IPR008978 0.793451 2.646324 0.000000 0.000000 50 20 LOC_Os03g14180;LOC_Os11g13980;LOC_Os01g04370;L... LOC_Os03g14180;LOC_Os11g13980;LOC_Os01g04370;L...
expressed protein 0.355513 1.429853 0.106383 0.117277 14309 38 LOC_Os07g47840;LOC_Os02g15930;LOC_Os11g05170;L... LOC_Os07g47840;LOC_Os02g15930;LOC_Os11g05170;L...
path:dosa04141 0.670797 2.644200 0.000000 0.000000 199 27 LOC_Os03g14180;LOC_Os11g13980;LOC_Os01g04370;L... LOC_Os03g14180;LOC_Os11g13980;LOC_Os01g04370;L...
terms = pre_res.res2d.index
terms
Index(['IPR002068', 'IPR008978', 'path:dosa04141', 'expressed protein',
       'GO:0005524'],
      dtype='object', name='Term')
gseaplot(rank_metric=pre_res.ranking, term=terms[0], **pre_res.results[terms[0]])
../_images/tour_62_0.png

Conclusion & Next Steps

Having introduced the GSForge package by example we hope you are motivated to compare and share gene selection methodologies. Recall that the scope of gene / feature selection is unique to each experiment, no gold standard method or statistical measure yet exists to unambiguously interpret RNA-seq data. In most cases researchers or their collaborators are interested in a reduced list of genes (rather than the entire genome!) from which to form a hypothesis.

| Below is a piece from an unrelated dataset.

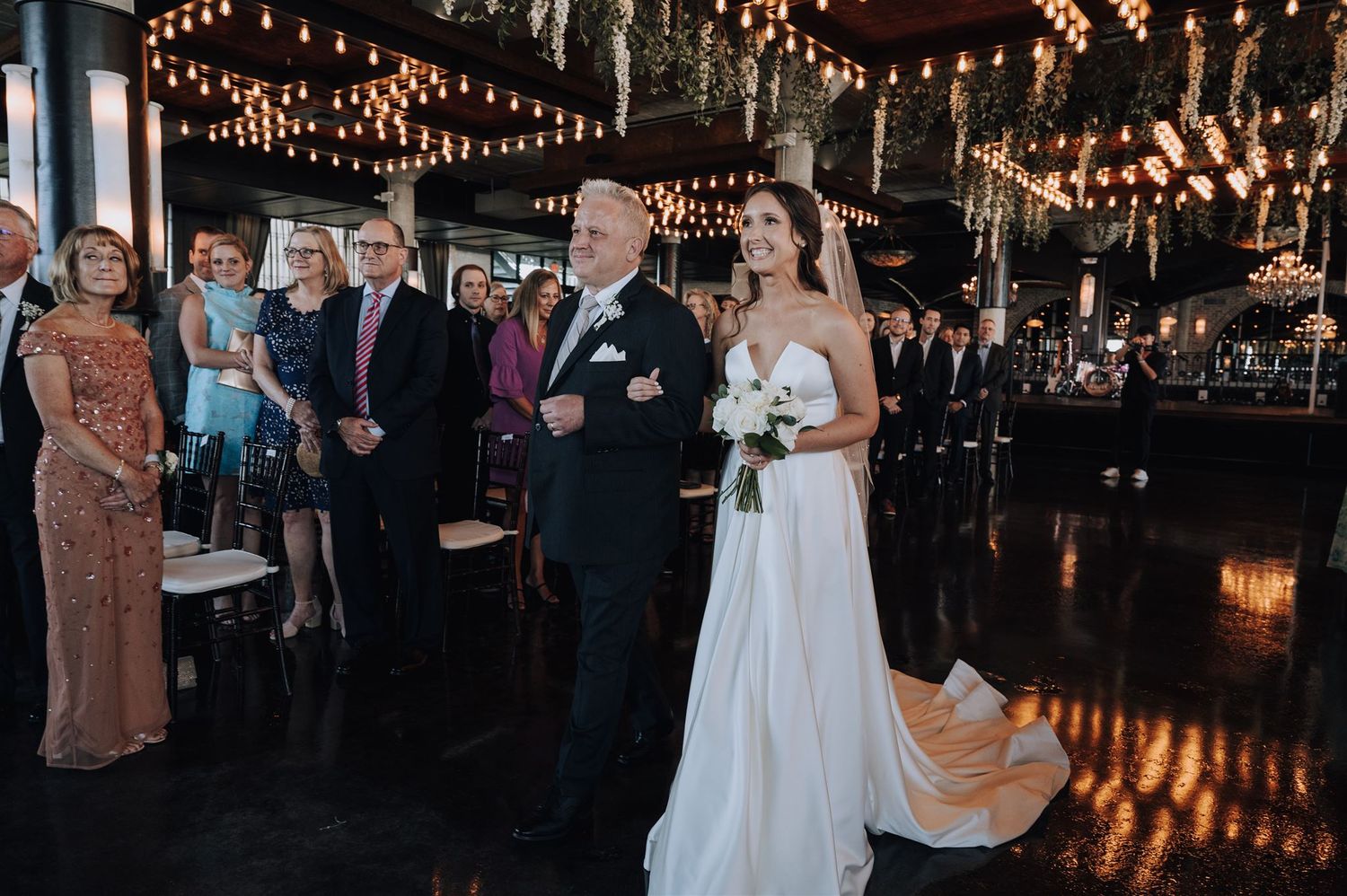 Modern wedding at The Astorian in Houston, Tx. Brides dress is from Anna Be Bridal.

We hope you feel free to contribute, share and question methodologies, and that you find GSForge helpful in this endevour.

References

  1. Wilkins, O. et al. EGRINs (Environmental gene regulatory influence networks) in rice that function in the response to water deficit, high temperature, and agricultural environments. Plant Cell 28, 2365–2384 (2016).

  2. Ritchie, M. E. et al. Limma powers differential expression analyses for RNA-sequencing and microarray studies. Nucleic Acids Res. 43, e47 (2015).

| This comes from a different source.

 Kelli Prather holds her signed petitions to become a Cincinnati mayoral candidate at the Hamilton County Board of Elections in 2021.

  3. McInnes, L., Healy, J. & Melville, J. UMAP: Uniform Manifold Approximation and Projection for Dimension Reduction. (2018).

  4. Lex, A., Gehlenborg, N., Strobelt, H., Vuillemot, R. & Pfister, H. UpSet: Visualization of Intersecting Sets Europe PMC Funders Group. IEEE Trans Vis Comput Graph 20, 1983–1992 (2014).